Google souhaite devenir la toile de fond qui permet de connecter tous les appareils et tous les services de notre vie », estime Jan Dawson, analyste pour Jackdaw Research, au « Time« .
« Google veut devenir la colonne vertébrale de votre maison », renchérit Pat Moorhead, analyste de Moor Insights and Strategy, à Reuters. « Google veut savoir comment vous consommez l’énergie, comment vous consommez des contenus comme la musique, et ce dans toute la maison. »
Un objectif que partage Apple, qui souhaite « imposer son système d’exploitation afin de fixer les règles, et ainsi devenir le maître de ce jeu », estime Philippe Torres, responsable conseil et stratégie numérique de L’Atelier-BNP Paribas. « Par exemple, avec iTunes, Apple a imposé les règles sur la façon dont se consomme la musique en ligne et des revenus générés. »
La marque à la pomme a également imposé le concept de marché d’applications pour smartphone et tablettes, et entend bien faire valoir le même schéma pour la maison connectée. Apple a d’ailleurs déposé un brevet en juin 2012 pour une technologie permettant de contrôler des systèmes de lumière, des systèmes de sécurité, l’ouverture des portes de garages, le volume de la musique, la climatisation ou les appareils de la cuisine.
Bientôt des pubs dans toute la maison ?
Derrière, gérer la maison connectée permettrait aux deux géants américains de récolter toujours plus d’informations sur les consommateurs.
Le thermostat de Nest est par exemple bardé de capteurs qui transmettent des données en permanence via internet, révélant les habitudes des utilisateurs. Tony Fadell a ainsi expliqué à « Forbes » qu’avec son thermostat, la start-up est capable « de savoir combien de personnes sont présents dans une maison à un moment précis ». Un doux rêve pour les publicitaires.
L’objectif serait de savoir ce que les gens font chez eux, ce qu’ils cuisinent, avec qui… avec l’idée de proposer des publicités toujours plus ciblées.
C’est là tout l’intérêt de Nest : quel est le comportement des gens dans leur maison », note le « New York Times« . « Et comprendre le comportement est l’ambition qui guide Google. »
Le géant du web n’a d’ailleurs pas caché son ambition d’afficher bientôt des pubs sur tous les objets connectés à internet, aussi bien le téléphone que les futures lunettes ou le futur frigo « intelligents ».
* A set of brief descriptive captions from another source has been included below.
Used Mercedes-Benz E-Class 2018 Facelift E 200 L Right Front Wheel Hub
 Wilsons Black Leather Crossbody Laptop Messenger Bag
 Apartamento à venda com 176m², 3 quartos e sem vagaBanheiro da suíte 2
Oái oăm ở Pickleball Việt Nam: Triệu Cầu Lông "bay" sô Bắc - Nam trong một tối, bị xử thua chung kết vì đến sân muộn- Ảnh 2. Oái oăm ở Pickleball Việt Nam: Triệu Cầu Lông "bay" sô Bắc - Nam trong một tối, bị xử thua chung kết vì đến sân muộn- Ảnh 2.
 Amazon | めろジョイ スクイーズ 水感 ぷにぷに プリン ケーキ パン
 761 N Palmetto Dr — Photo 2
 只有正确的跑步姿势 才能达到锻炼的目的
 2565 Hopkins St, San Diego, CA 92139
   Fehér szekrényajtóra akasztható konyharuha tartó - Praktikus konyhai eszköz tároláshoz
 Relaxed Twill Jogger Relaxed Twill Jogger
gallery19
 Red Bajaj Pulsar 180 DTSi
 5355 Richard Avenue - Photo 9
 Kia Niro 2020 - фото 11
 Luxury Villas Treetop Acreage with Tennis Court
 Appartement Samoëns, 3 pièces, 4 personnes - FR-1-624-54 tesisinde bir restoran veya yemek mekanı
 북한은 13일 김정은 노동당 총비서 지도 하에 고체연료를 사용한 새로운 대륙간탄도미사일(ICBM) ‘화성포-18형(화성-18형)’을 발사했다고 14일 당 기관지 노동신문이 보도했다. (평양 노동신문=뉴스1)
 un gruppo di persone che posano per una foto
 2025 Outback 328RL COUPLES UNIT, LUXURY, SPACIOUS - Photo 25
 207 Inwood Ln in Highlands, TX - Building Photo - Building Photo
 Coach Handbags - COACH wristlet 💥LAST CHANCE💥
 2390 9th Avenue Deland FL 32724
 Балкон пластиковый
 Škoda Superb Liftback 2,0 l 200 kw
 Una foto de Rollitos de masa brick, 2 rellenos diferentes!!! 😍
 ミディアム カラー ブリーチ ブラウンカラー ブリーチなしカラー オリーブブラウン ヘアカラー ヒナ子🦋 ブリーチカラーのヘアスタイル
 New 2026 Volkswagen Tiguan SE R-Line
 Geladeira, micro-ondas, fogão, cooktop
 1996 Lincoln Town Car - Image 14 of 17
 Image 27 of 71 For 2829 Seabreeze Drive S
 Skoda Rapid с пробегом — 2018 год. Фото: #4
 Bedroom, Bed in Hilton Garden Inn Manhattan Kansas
« Dans quelques années, nous et les autres entreprises pourrions diffuser de la publicité et d’autres contenus sur les réfrigérateurs, sur les tableaux de bord des voitures, sur les thermostats, sur les lunettes ou sur les montres, pour ne citer que quelques possibilités », explique Google dans un courrier adressé à l’autorité de contrôle des marchés financiers. « Notre espoir est que les usagers vont utiliser nos services et regarder nos annonces sur une plus grande diversité de dispositifs ».
Tandis que Google tire toujours la majorité de ses revenus de la publicité, Apple ne suivra pas le même raisonnement. Le « Financial Times » souligne que la marque profiterait de la faiblesse de son rival pour communiquer autour d’une maison connectée « respectueuse des données personnelles ». La pomme préfère en effet faire ses bénéfices via une généreuse marge sur la vente de logiciels et d’appli, ou en vendant des appareils de sa propre conception.
Apple pourrait aussi surfer sur l’éventuel futur rachat (encore en négociations) de la société de vidéo-surveillance Dropcam. Il n’y aura alors qu’un pas pour voir Google comme un œil de Sauron ou un Big Brother dans la maison prêt à proposer des pub ciblées en fonction des personnes détectées.